By Pedro Gonçalves
As the likelihood of a no-deal Brexit grows, investors are racing to secure gold with the Pure Gold Company reporting a 632% increase in people purchasing physical gold bars and coins over the last week, compared to the weekly average for 2019.
Bullion bar prices for UK investors edged back £10 after re-touching last week’s fresh record high of £1271 overnight as the ruling minority Conservative Party saw its leader in Scotland, Ruth Davidson, quit over prime minister Boris Johnson closing Parliament for 5 weeks, reducing time to debate Brexit before the UK’s Halloween deadline for leaving the European Union.
Josh Saul, CEO of the gold investment firm, said: “Boris Johnson shutting down parliament has shattered any real hope that the country could leave with a deal and has fragmented UK politics even further. August is usually one of our quieter months, but so far it’s been our busiest for 2019.
We’ve also had a 242% increase in the amount of first time investors such as teachers, engineers, bus drivers and civil servants purchasing gold this week”

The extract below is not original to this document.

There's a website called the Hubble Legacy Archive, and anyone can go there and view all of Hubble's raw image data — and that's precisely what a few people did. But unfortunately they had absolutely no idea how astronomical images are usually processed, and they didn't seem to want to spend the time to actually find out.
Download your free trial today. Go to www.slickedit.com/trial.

“We’ve employed more staff to deal with the overwhelming amount of panic stricken investors and most of our consultants are taking orders from 6am until 10pm. The speed at which people are purchasing is similar to 2007/8 after the collapse of Northern Rock and Lehman Brothers.

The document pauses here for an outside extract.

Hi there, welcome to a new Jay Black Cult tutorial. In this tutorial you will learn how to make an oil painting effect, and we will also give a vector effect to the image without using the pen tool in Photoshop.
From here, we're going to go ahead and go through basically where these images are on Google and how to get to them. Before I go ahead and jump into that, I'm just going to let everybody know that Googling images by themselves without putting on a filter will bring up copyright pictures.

Investors are racing to secure the precious metal because they fear the combined effects of a possible no deal Brexit and the ongoing trade war between China and USA will lead to a global crisis.

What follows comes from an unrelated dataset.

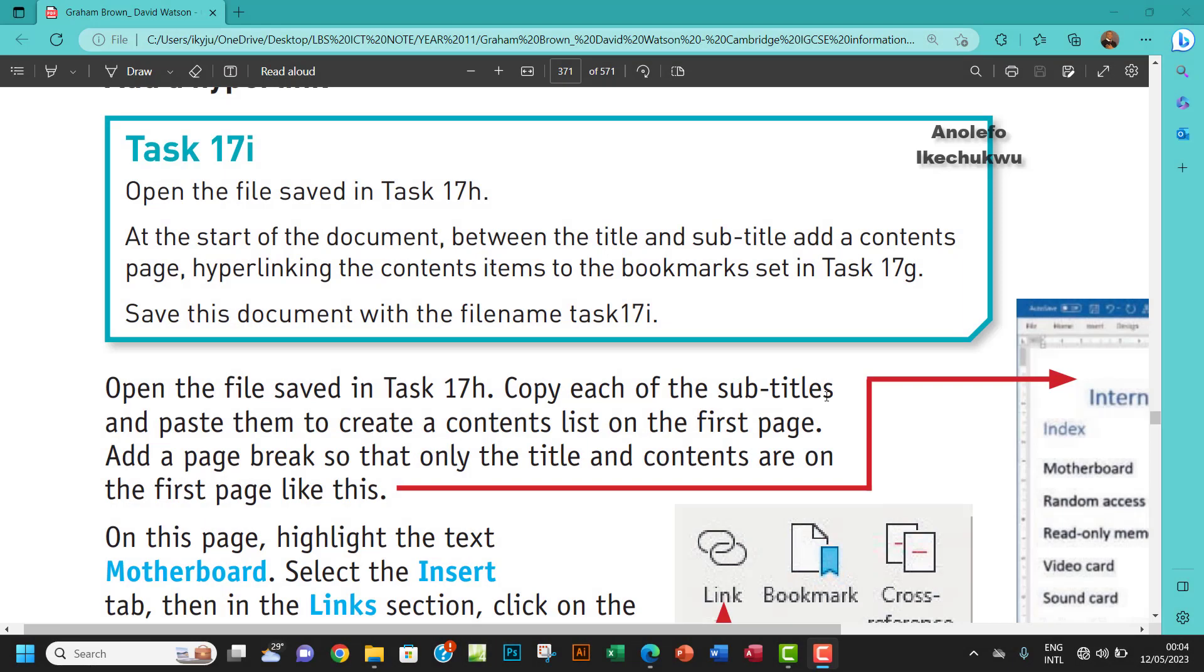Hello guys, welcome to this video. I'll be looking at Task 17i. The question says open the file saved in Task 17h. At the start of the document between the title and subtitle, add a content page hyperlinking the content items to the bookmarks set in Task 17g. Save this document with the file name found in Task 17i.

“Confusion regarding the US-China trade talks saw investors continue to pile into safe-haven assets yesterday,” said a trading-note from gold-bar refining group MKS Pamp.
“Equity markets retreated on fears a recession is looming as the yield curve inversion deepened and there was no positive newsflow on the trade front,” the note added.
“We’ve also had a 242% increase in the amount of first time investors such as teachers, engineers, bus drivers and civil servants purchasing gold this week. They’re concerned about the safety of their cash in bank accounts and the vulnerability of some of our UK banks. Given that interest paid on savings accounts is so low, some are now worried that UK banks will start charging us to keep our money – something that has already happened in Denmark and Switzerland,” Saul also added.